Exactly as they appear below, repeat the lines from the one with "Slide: The Image" through the one with "bride and groom saying vows", and no others.

** DATA RECORDS **
********

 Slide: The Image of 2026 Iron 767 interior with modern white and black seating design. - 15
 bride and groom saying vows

********

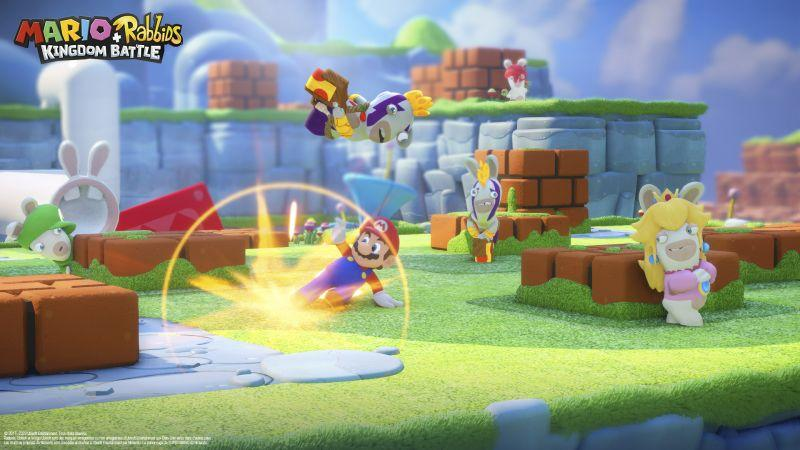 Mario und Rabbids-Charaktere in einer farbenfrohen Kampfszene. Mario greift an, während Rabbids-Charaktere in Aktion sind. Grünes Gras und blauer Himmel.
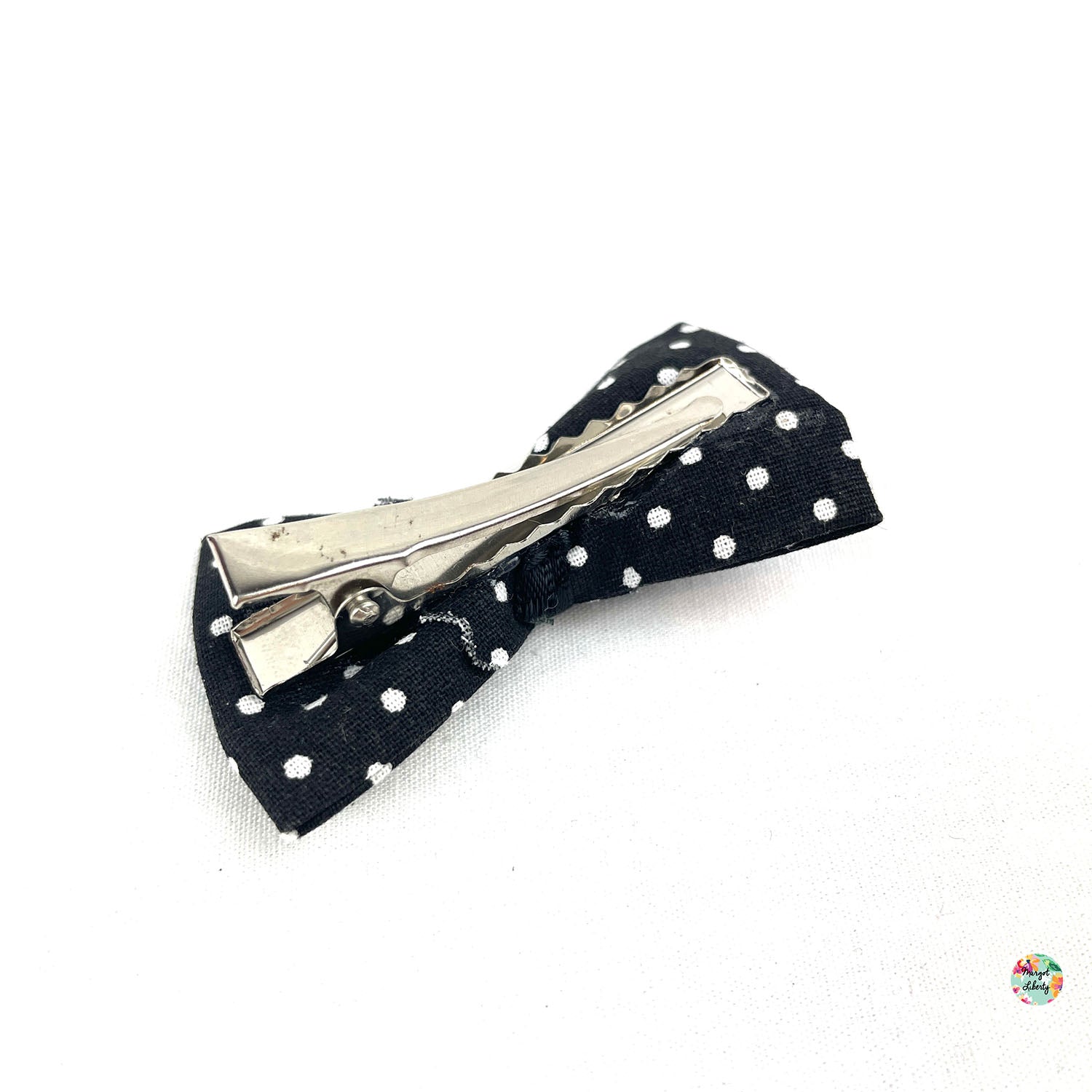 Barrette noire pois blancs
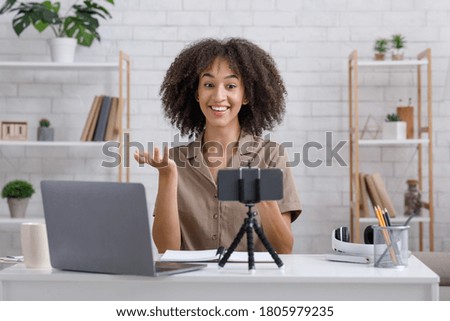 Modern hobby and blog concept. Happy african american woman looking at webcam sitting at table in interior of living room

********

** ANSWER SECTION **
 Slide: The Image of 2026 Iron 767 interior with modern white and black seating design. - 15
 bride and groom saying vows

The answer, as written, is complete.